Ya lo dijo el propio Aldous Huxley, con
ánimo de prevenirnos ante peligros futuros, en un prólogo que escribió, en 1947,
para una nueva edición de Un mundo feliz:
“Un
Estado totalitario realmente eficaz sería aquel en el cual los jefes políticos
todopoderosos y su ejército de colaboradores pudieran gobernar una población de
esclavos sobre los cuales no fuese necesario ejercer coerción alguna por cuanto
amarían su servidumbre. Inducirles a amarla es la tarea asignada en los
actuales estados totalitarios a los Ministerios de Propaganda, los directores
de los periódicos y los maestros de escuela.
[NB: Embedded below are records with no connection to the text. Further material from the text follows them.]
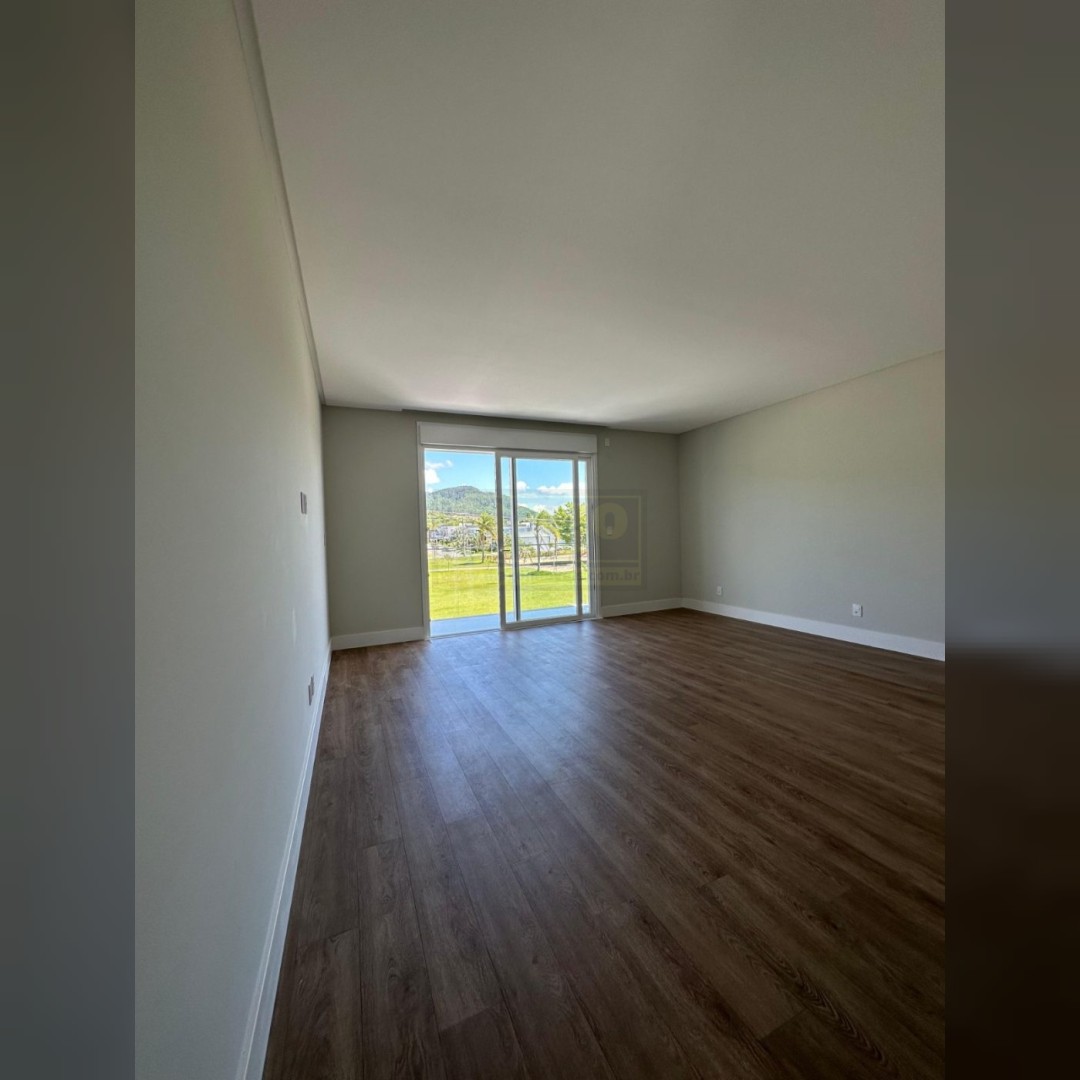 Casa de Alto padrão em Condomínio Fechado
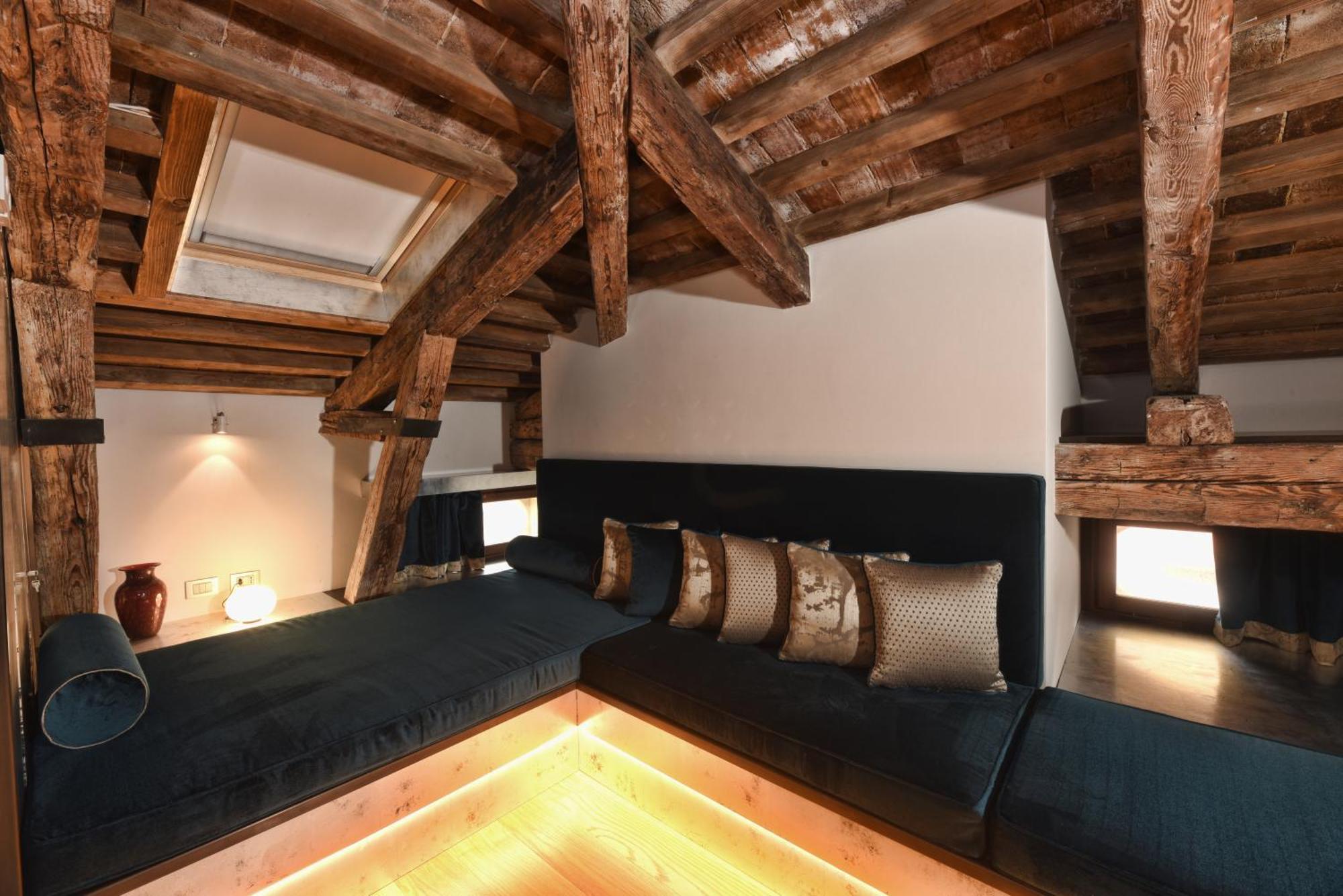 Santa Croce Boutique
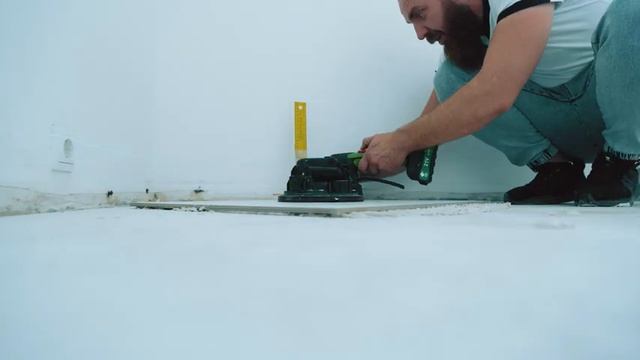 УКЛАДКА ПЛИТКИ. КУХНЯ. НОВАЯ КВАРТИРА #ремонт #укладкаплитки #керамогранит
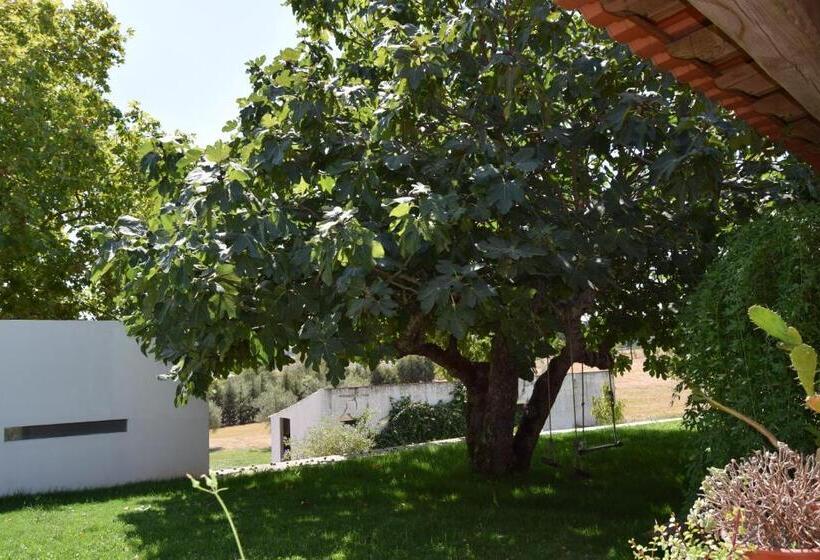 خانه 2 خوابه, Quinta Dos Bastos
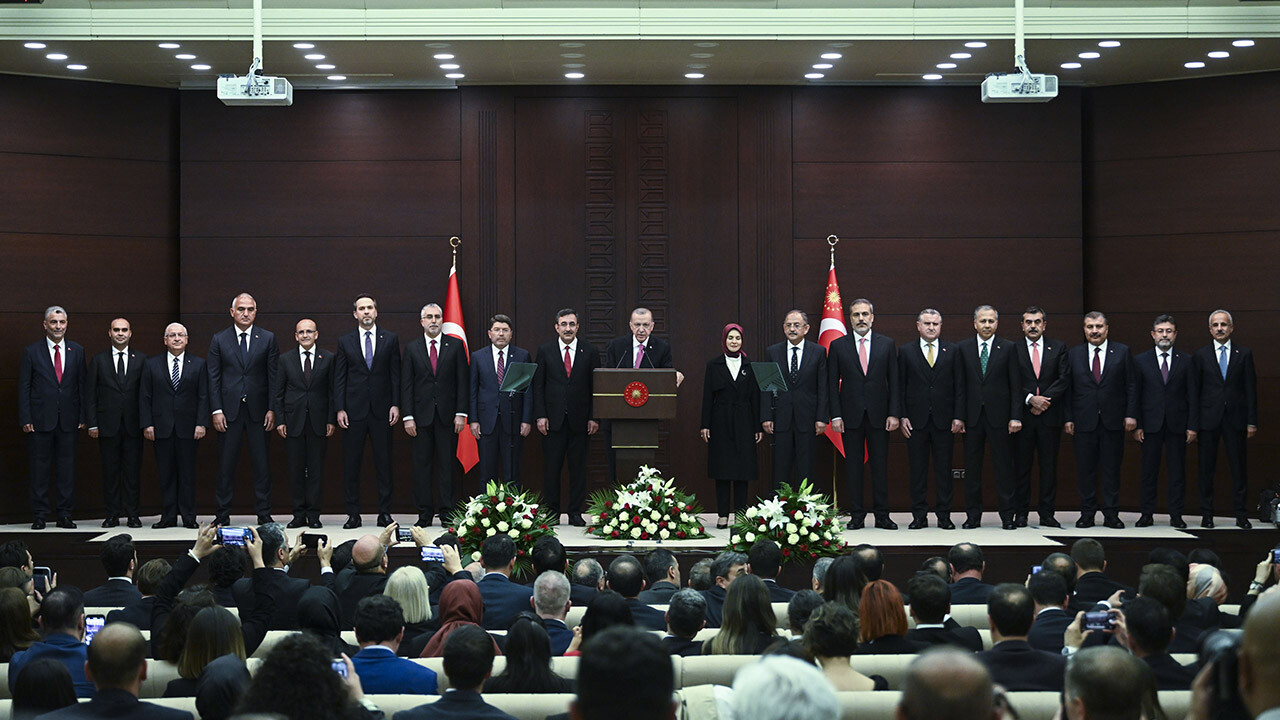 Yeni kabine bugün ilk kez toplanıyor! Asgari ücret, dış politika ve terörle mücadele: İşte masadaki konu başlıkları…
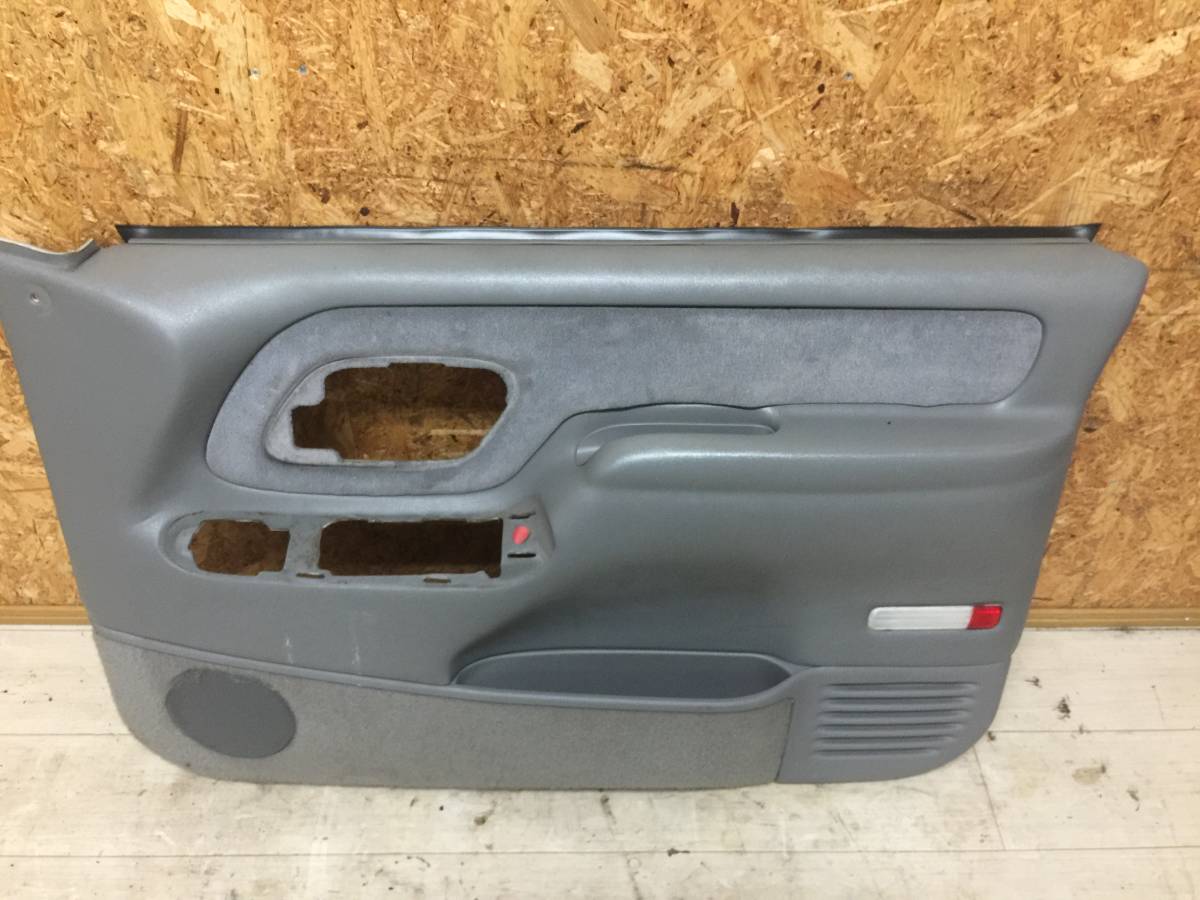 GMC サバーバン 1995 右前 助手席 フロントドア 内貼り 内張り カバー パネル ネジカバー付いてます。シミ 汚れ ピン無し有 タホ 1994 1993拍卖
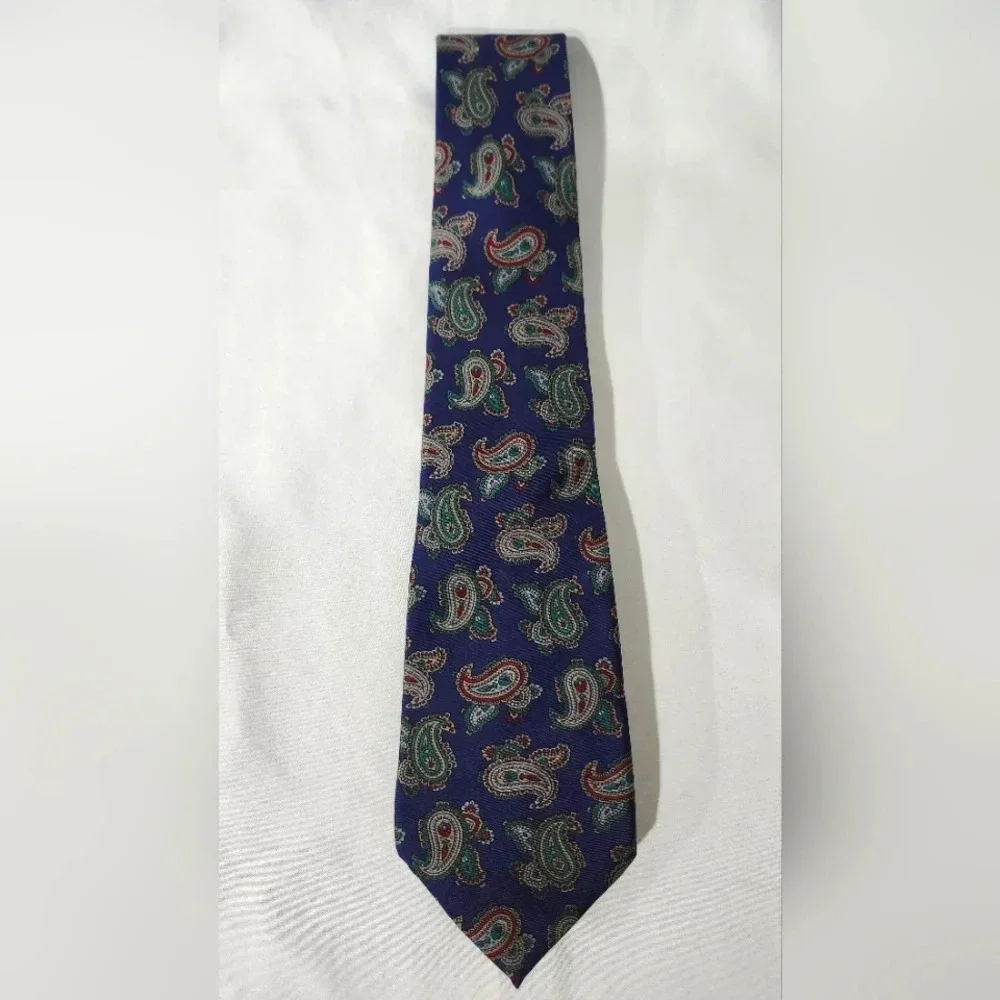 Oscar de la‎ Renta Mens Necktie OS Purple Paisley Classic Silk Designer Tie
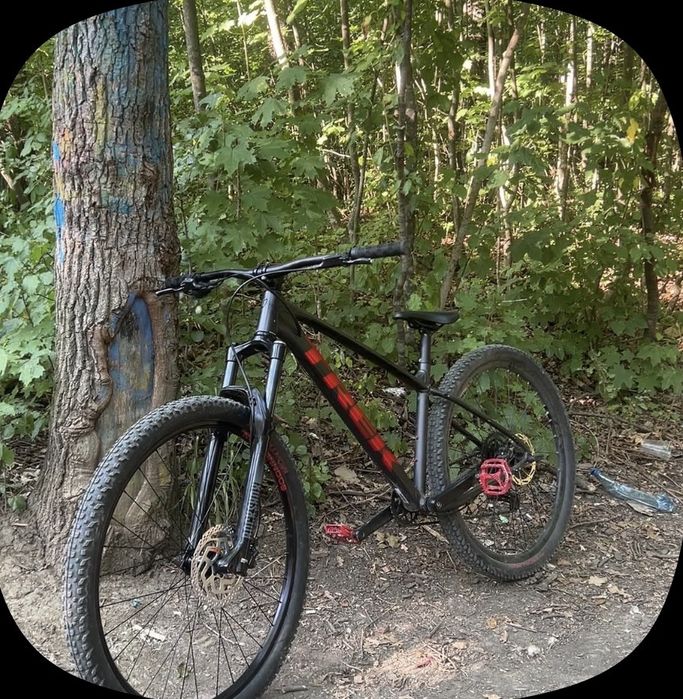Trek Marlin 5 2025 NU TRIMIT/schimb cu pc gaming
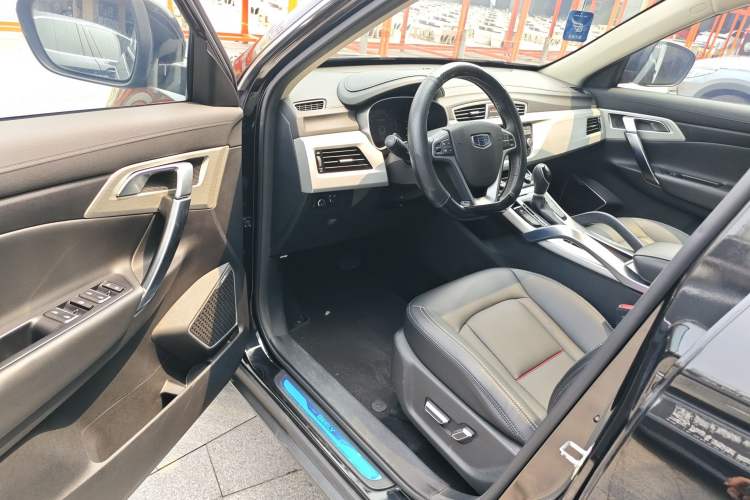 Used Geely Auto Emgrand X7 Sport 2018 1.8TD Automatic Two-Wheel Drive Smart Connect 4G Internet Edition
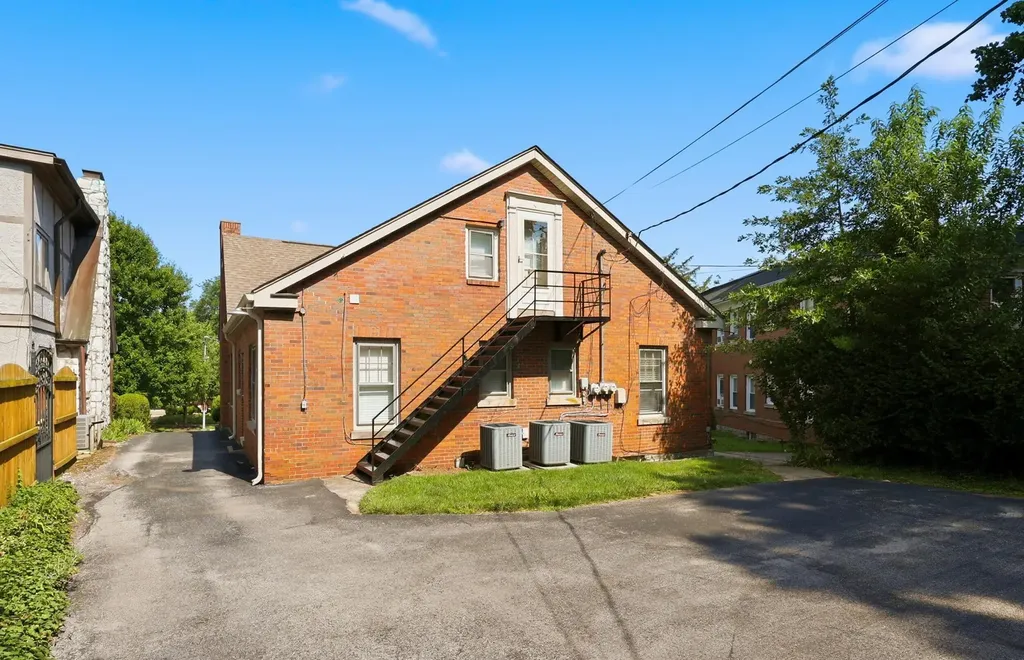 304-306 Ridgeway Road Lexington KY 40502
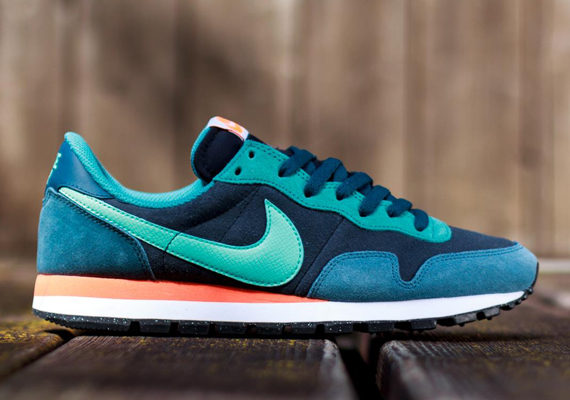 Nike Air Pegasus '83 - Dark Obsidian - Hyper Turquoise - SneakerNews.com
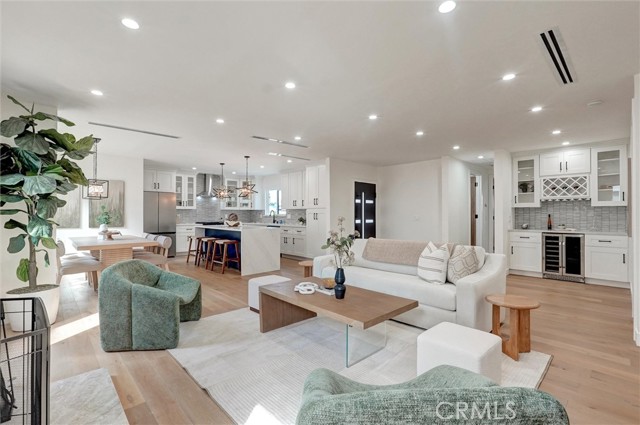 Detail Gallery Image 4 of 49 For 6852 6854 Atoll Avenue, North Hollywood,  CA 91605 - 4 Beds | 4 Baths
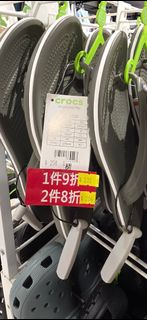 Crocs 涼鞋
Pero sus métodos todavía son
toscos y acientíficos”.
Han pasado setenta y dos años desde que
fueran escritas estas palabras, y no estoy seguro de que los métodos actuales
sigan siendo tan toscos y acientíficos como le parecían a Huxley los de su
época.
En todo caso, volver a leer obras clásicas como 1984 o Un mundo feliz, entre otras muchas, quizá nos ayude a darnos cuenta de nuestra realidad, pero también a conocer con más profundidad nuestro pasado y a imaginar mejor nuestro futuro, ahora que vivimos tan concentrados en nuestro presente.